初到重庆遇敌机轰炸,我们人地生疏,只有随人们避入防空洞内。洞内有百人之多,我们在昆明没有防空洞,遇到警报只是跑到郊区随地而坐,等解除警报回城,那时生命真是听天由命。
稼先在四川江津一年后高三毕业,当年报考昆明西南联大,适逢敌人飞机频繁轰炸重庆,未赶上联大当天的应考期,过后只剩同济大学一个学校报考,无办法只能暂时报考了同济大学,应试后被录取。
那时我已回昆明,我写信叫他不要到同济大学报道。我给教育部司长吴之椿伯伯写信,叙说我携稼先到后方,主要负有他前途的一切责任,如若稼先在重庆同济大学读四年,我怎么照顾他?吴伯伯很同情,当时就写信给西南联大,试读一年。稼先只试读半年,各科成绩优越,转为正式生,我和他都在昆明,我心安矣!
我有时去联大学生宿舍,取被子和衣服为稼先洗补,缝补袜子时最多。
由四川叙永回昆明后不久,我在昆明金碧路一家兴昌汽车零件公司工作,此工作是一位马街子电池厂同事介绍的,负责门市部会计工作,中午管饭。我住昆明节孝巷,每天由家到公司只用20分钟就走到,昆明城很小。
从叙永回来后警报不断,我们俩天晴时往外跑。北京大学在郊区岗头村有个小栋土草平房,遇到晴天警报时我们常去岗头村,为的是可以在杨振声伯伯处或者饶毓泰先生处吃顿饭。只见吴大猷先生一边写作,一边炖肉,为吴太太阮冠世调养肺病。这一小栋屋子有张景钺先生、崔之兰先生、张廷谦先生、戴修瓒先生和女儿戴惠本,她和我是同班同学,已婚并有子,她的丈夫也在一起住。北屋三间是蒋梦麟校长住。我记得距草屋不远有一小物理系实验室,虞富春和江安才两先生掌管。
在这期间,我、华炽、稼先都病倒了!华炽、稼先他俩同时得了班疹伤寒,我得了疟疾。我从联大宿舍把稼先接回家养病,三人同时生病,狼狈极了!伤寒病主要靠饮食,每天只喝稀粥,养了月余病愈,健康渐好。
战事接近尾声,国民党疯狂迫害进步人士,常在大学抓进步学生。我知道稼先是活跃学生运动中的一员,当然我只能默默于心,无话可说。见稼先告诉他注意安全,我俩离家,不能让我一人回家,怎么向二老双亲交待?
战事将要结束,闻到我住处北门街书店李公朴先生和闻一多先生遇刺,国民党政府与人民为敌,处处伸黑手,阴谋刺杀进步人士。

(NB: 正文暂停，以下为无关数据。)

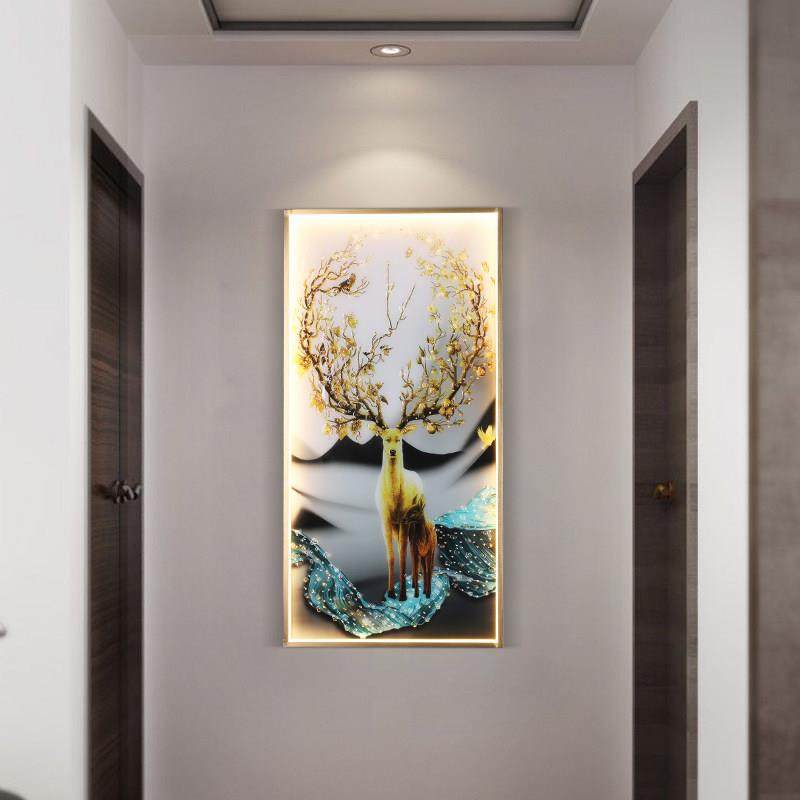 入户楼梯壁画灯玄关人感应卧室客厅背景墙装饰走廊新中式挂画壁灯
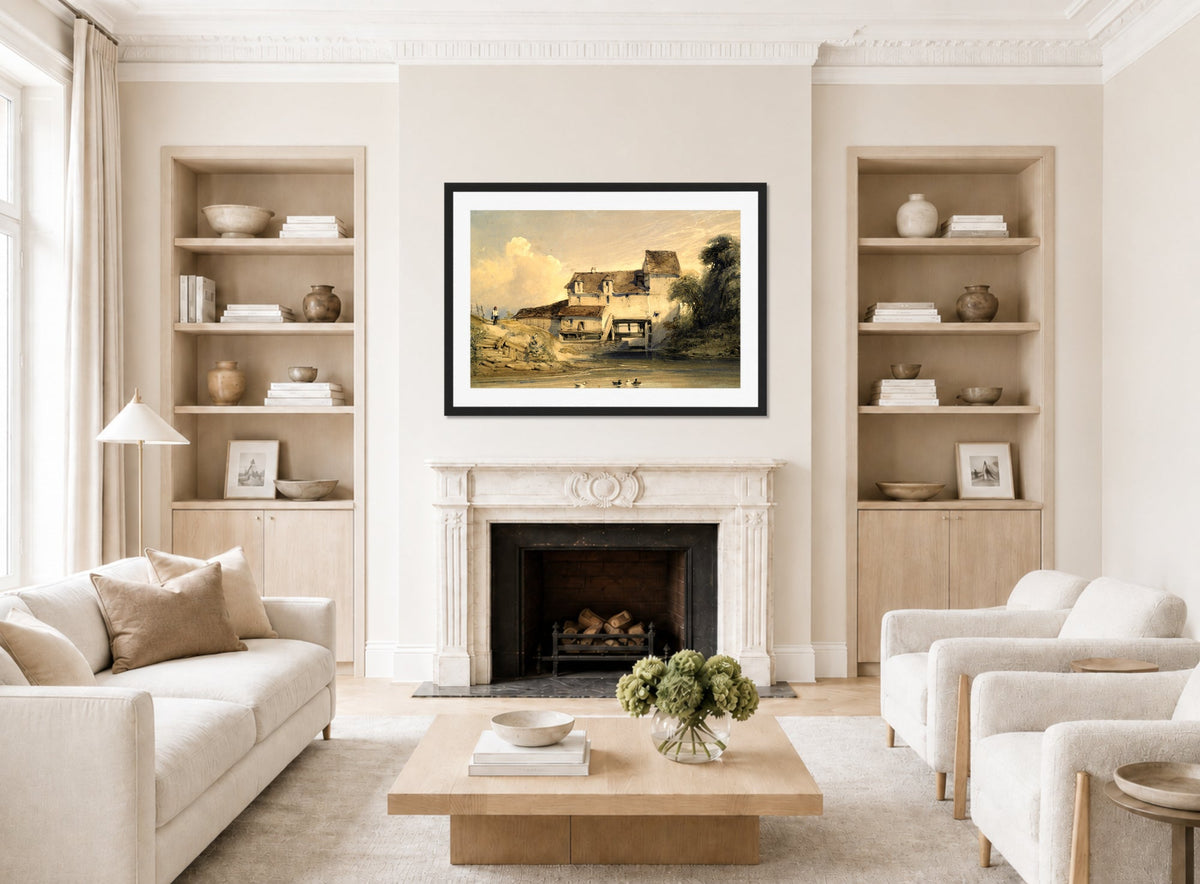 William Callow Print, Mill at Charenton displayed in a Scandinavian living room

战事结束后,北大、清华、南开各回自己的学校。杨振声、郑天挺、郑华炽先回北平安置复校事宜,我独自带着幼子郑声远(他是1943年出生,当时两岁)到重庆等军用飞机回北平。乘飞机人太多,不能携带行李,我有一衣箱,在重庆抱着孩子时将它卖掉,在一小旅店等候飞机一个多月。终于抵达家中与父母相聚,天伦之乐,欢快之极!
不几日,稼先护送一位有病的老师返北平,当年稼先在联大毕业,北京大学聘请他任物理系助教。各校大致就绪,恢复上课。
稼先已20多岁,朋友们为他介绍女朋友。北大一位同事为他介绍一女士,她们见面后,我问他姑娘如何?他回答我:“擦那么多脂粉,差点儿把我熏跑了!”
北京大学有一宿舍在府学胡同,住了20多家老师。当时住有胡世华、马杏仁、张龙祥、许德珩、郑华炽、游国恩、缪朗山、钱学西、卞之林、阮为周、罗士伟、管玉山、周钟谋、毛子水、王铁崖、袁朝清、汪宣、韩寿先、杨人便等各位老师,大家相处和谐,大院各家没有围墙,天天可以见面,孩子们在院子玩耍,十分和气!解放后,大家各奔东西,郑华炽分到北京师范大学物理系任教。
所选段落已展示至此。